Wadhwa: So this week marked President Trump's first full week in office and he has embarked on some pretty protectionist measures. He pulled the US out of the TPP, and in a meeting with business leaders said he was going to impose a "very major border tax" on US companies that move overseas and export back into the US. There's also his likely renegotiation of NAFTA. What is the impact of this and how do you think a more inward looking US will affect the global economy?

Patterson: We've been saying since well before the election that how the US economy and how the financial markets would fare under Trump would depend in part on which Trump we got - a President Trump focused on deregulation, tax reform and infrastructure or a trade focused Trump. Our view has been and continues to be that if Trump focuses relatively more on trade and getting more introspective as a country or inward looking as a country, we see a lot less upside for equities. In fact we could see quite a bit more downside risk.
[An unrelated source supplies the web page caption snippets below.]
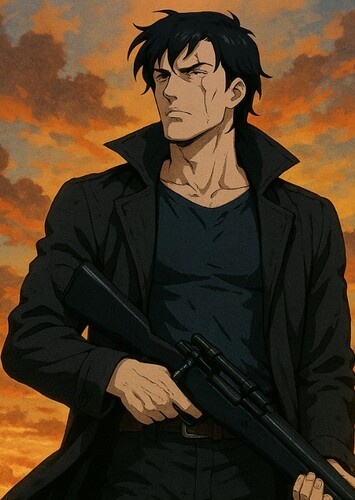 Jack Grayson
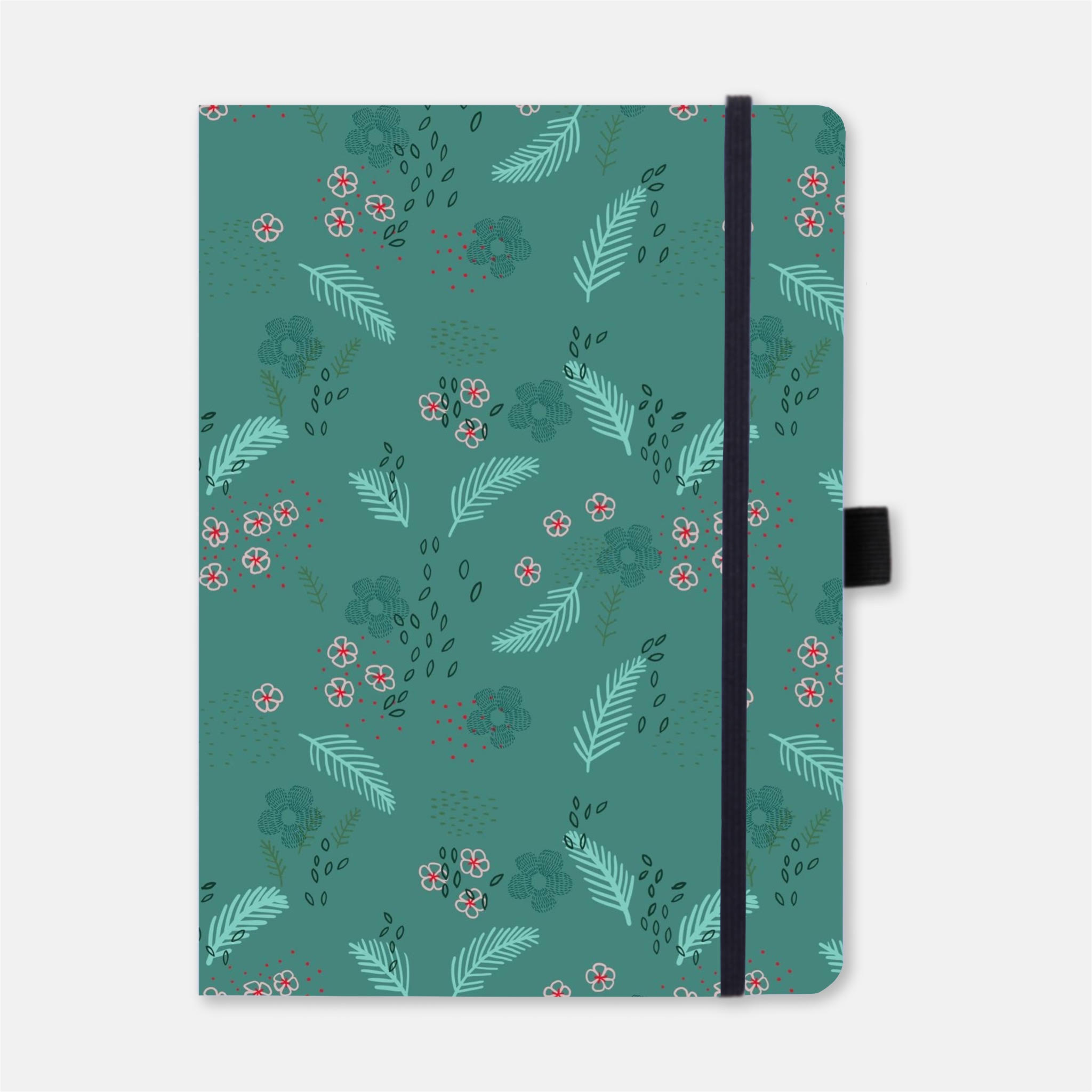 Marta Ricart · Art i Estampats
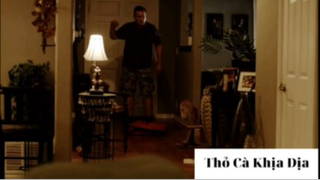 Halloween troll shippers #thobiettroll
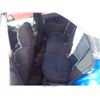 Image 7 : 2002 - SUBARU IMPREZA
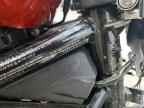 2025 HARLEY-DAVIDSON RH975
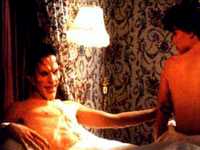 Guilty Viewing Pleasures: Sometimes They Come Back...Again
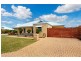 17 Sanguine Way, Atwell WA 6164
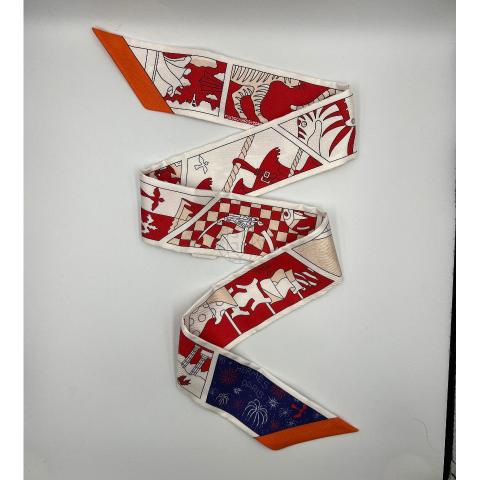 Large Product Preview Image 2
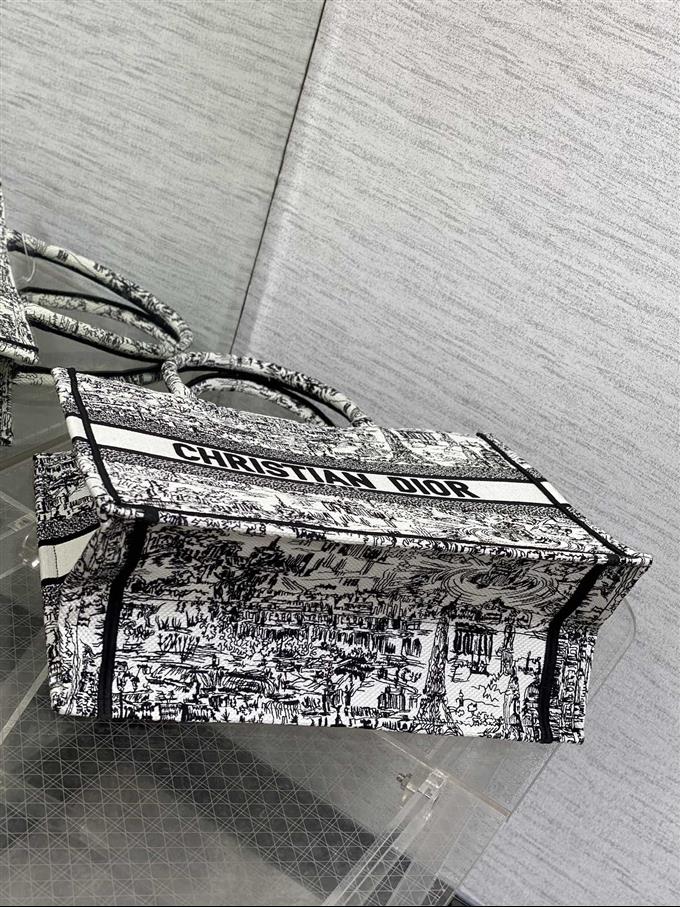 2025228Y580P212139986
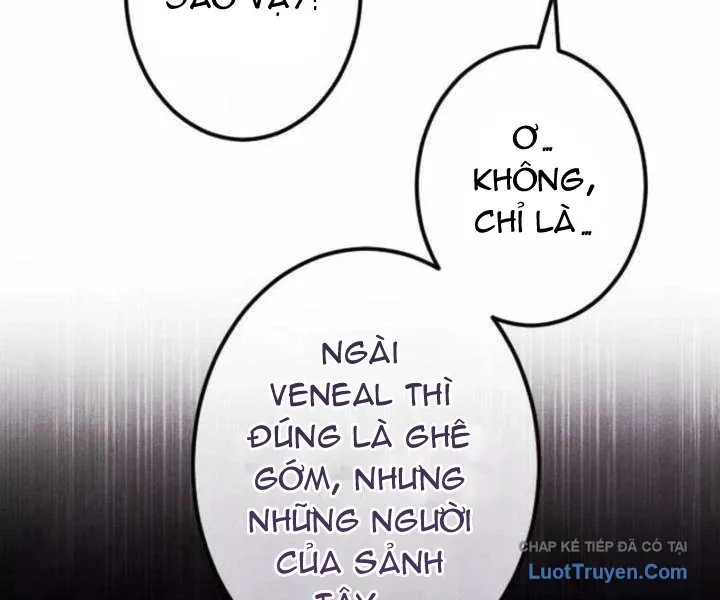 Tổ Sư Hồi Quy: Tái Sinh Thành Hậu Duệ Sau Nghìn Năm Chapter 28 - Trang 42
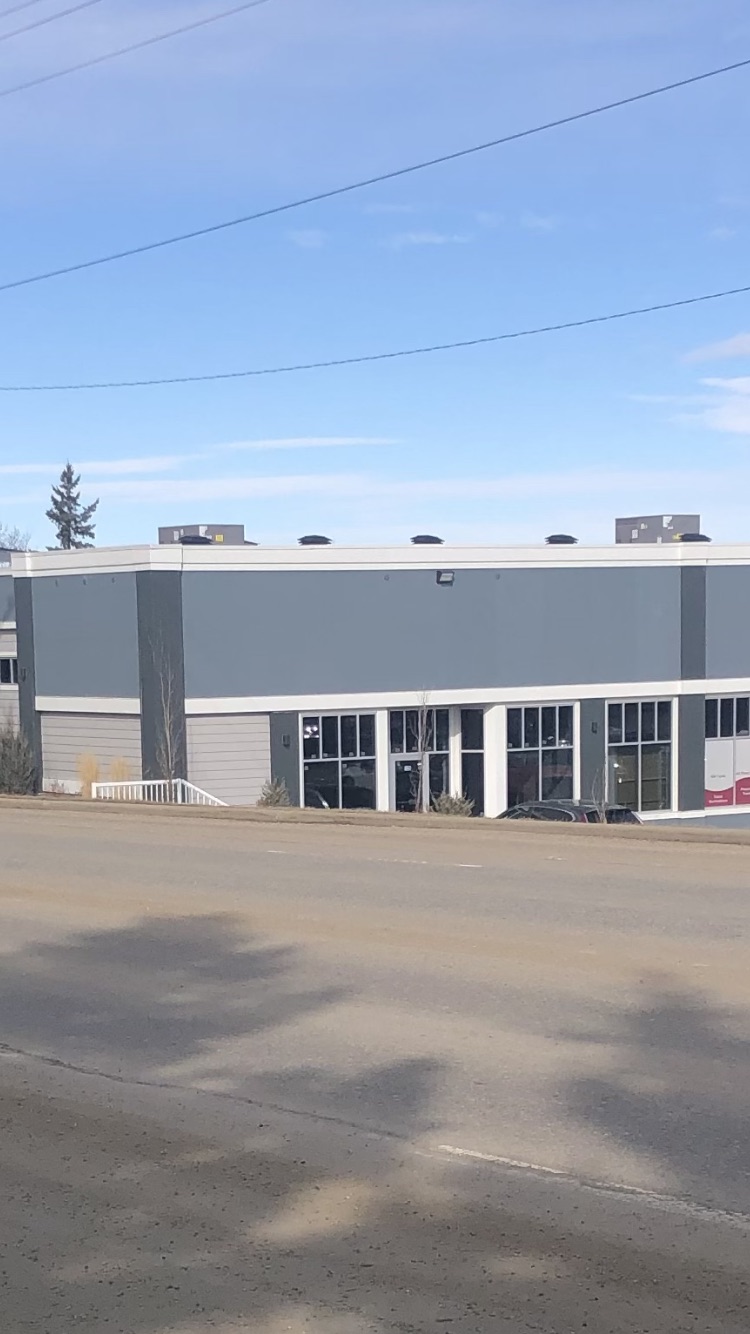Hope Wellness Clinic | 10 Pelican Pl #120, Sylvan Lake, AB T4S 1K2, Canada | Phone: (403) 864-5757
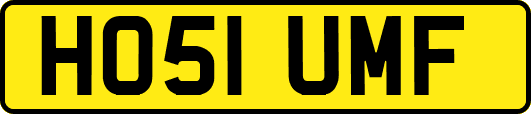 HO51UMF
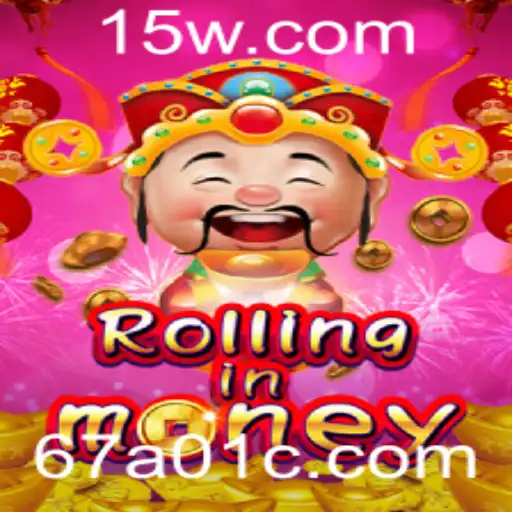 RollingInMoney: O Novo Jogo de Estratégia Financeira que Conquista o Mundo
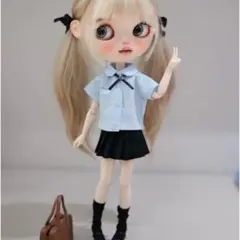 2026年最新】poppy parkerの人気アイテム - メルカリ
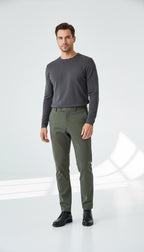Jogger Pantolon Out-KAB2543S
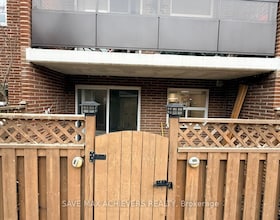 640 Grey Street, Brantford, ON , MLS #X12863018 , Image - 1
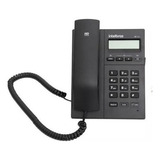 Telefone Ip Voip Sip Tip 125i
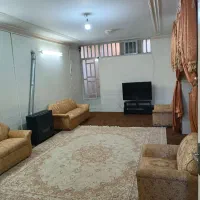 سوئیت ۲خوابه و ۱ خوابه دربست - آزادشهر و اسکان.|اجارهٔ کوتاهمدت آپارتمان و سوئیت|یزد, |دیوار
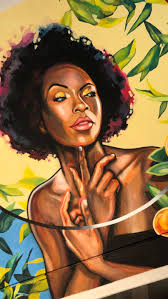 Carlos Pons (@carlos_pons) · Instagram 照片和视频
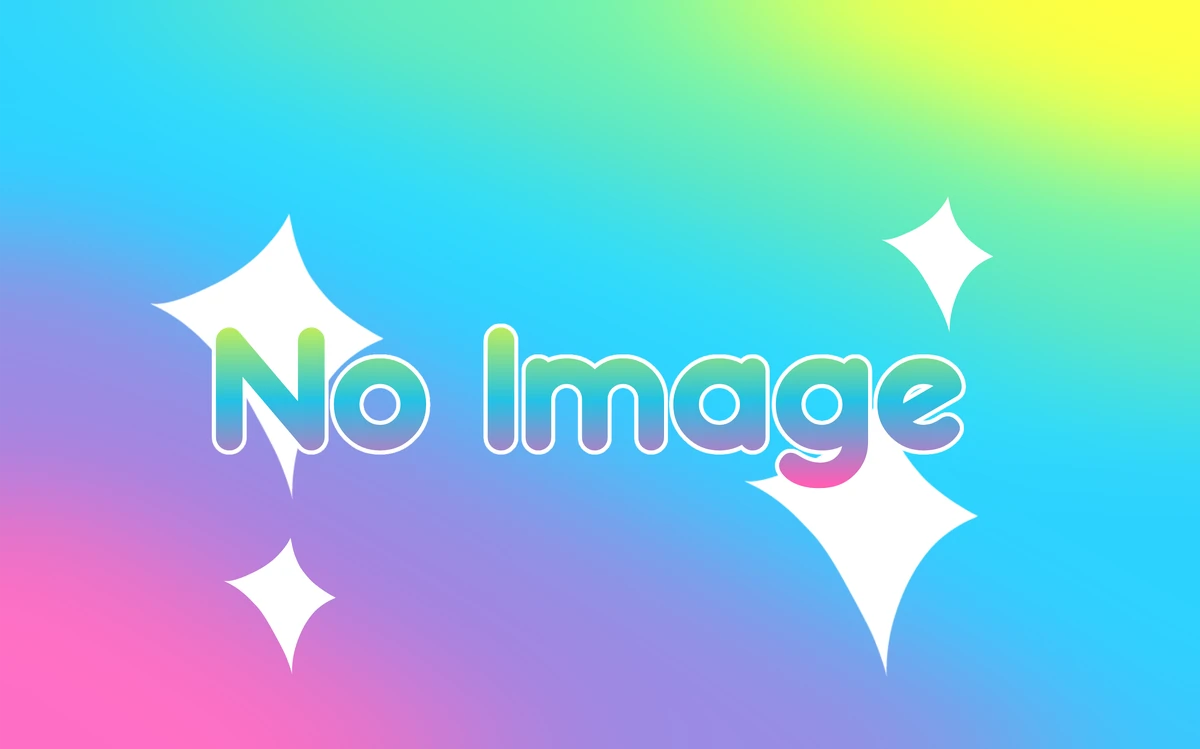 goldbubuping-catch-teenieping-fanon-wiki-fandom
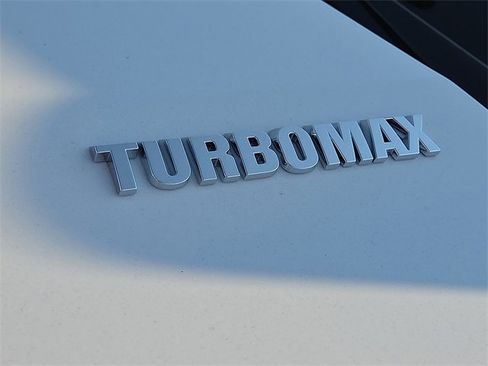 New 2026 Chevrolet Silverado 1500 Custom image 7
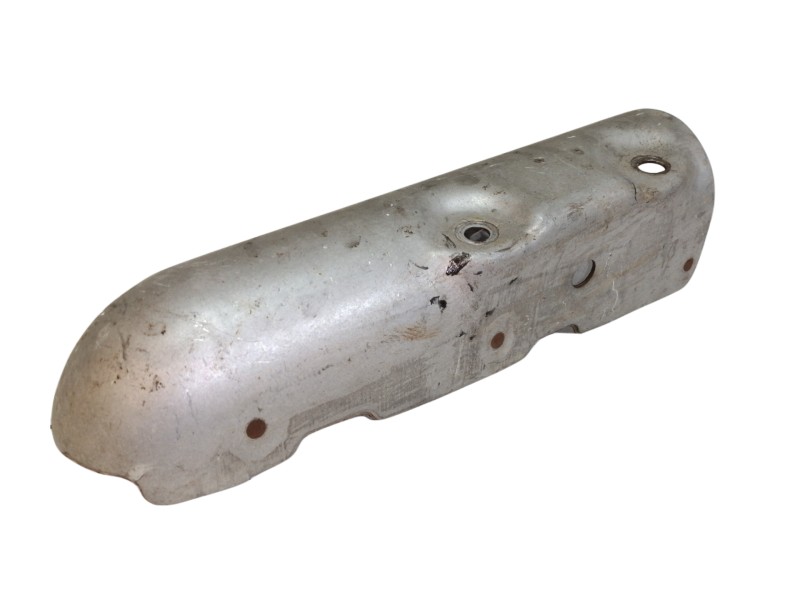 Recambio de despiece motor para renault vel satis (bj0) privilege referencia OEM IAM   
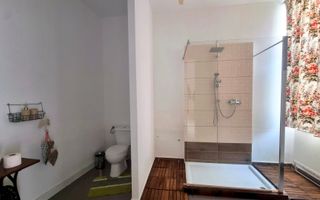 VILĂ INDIVIDUALĂ | ULTRACENTRAL | 270 MP UTILI | LOCUINȚĂ SAU BUSINESS - Poză 21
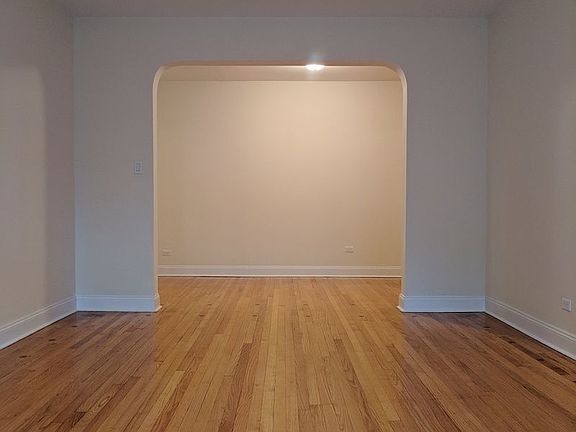 4th image of 92-11 35th Ave #2M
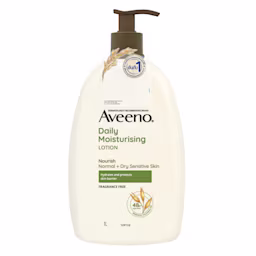 AVEENO® DAILY MOISTURIZING LOTION - Image 3 - Aveeno - th-TH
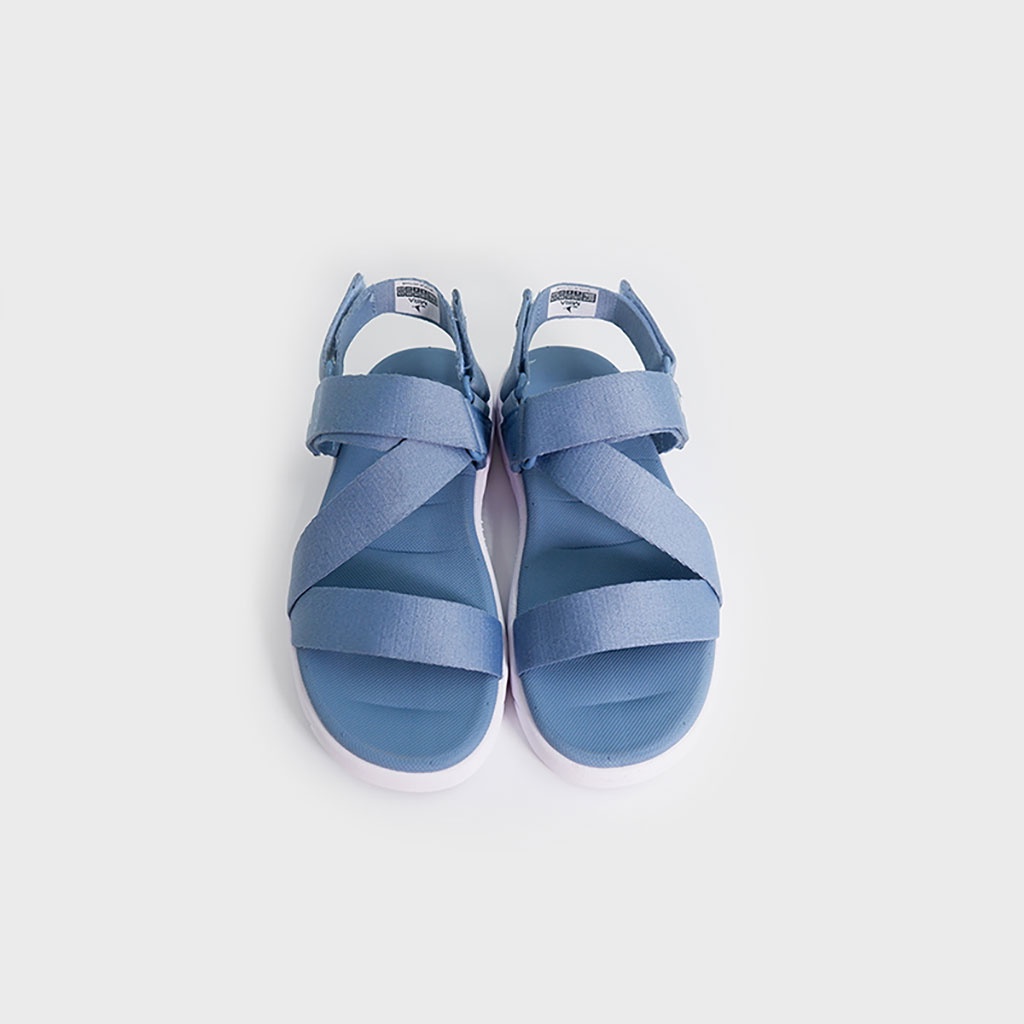 [Mã LT50 giảm 50k đơn 250k] Giày Sandal Mira Lightly X1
Some of this I feel like is going to be a bit of a tango, we'll take two steps forward, one step back. We may have a day where he has meetings and announcements on tax reforms and we'll see equities rise and then we'll have a day where he decides to have some aggressive rhetoric on trade and markets will consolidate ot sell-off. That's largely the pattern we've been seeing since November 9th.

I think at the end of the day, as easy as it is to focus on the hour by hour, as there is so much news focus on this right now, you need to take a more medium to long-term view. So base case at the end of 2017, where do you think you're going to be? We think, even though it's not going to be happen in the first 100 days, by the end of this year we are going to get some kind of corporate tax reform. That is our base case. We think Congress is making it a priority because they know if they don't deliver it, the mid-term elections are going to be a lot more tough for them. People expect it, and they're going to be very disappointed if it doesn't happen. So we do think you're going to get some kind of tax reform, corporate, as individual is a lot more difficult.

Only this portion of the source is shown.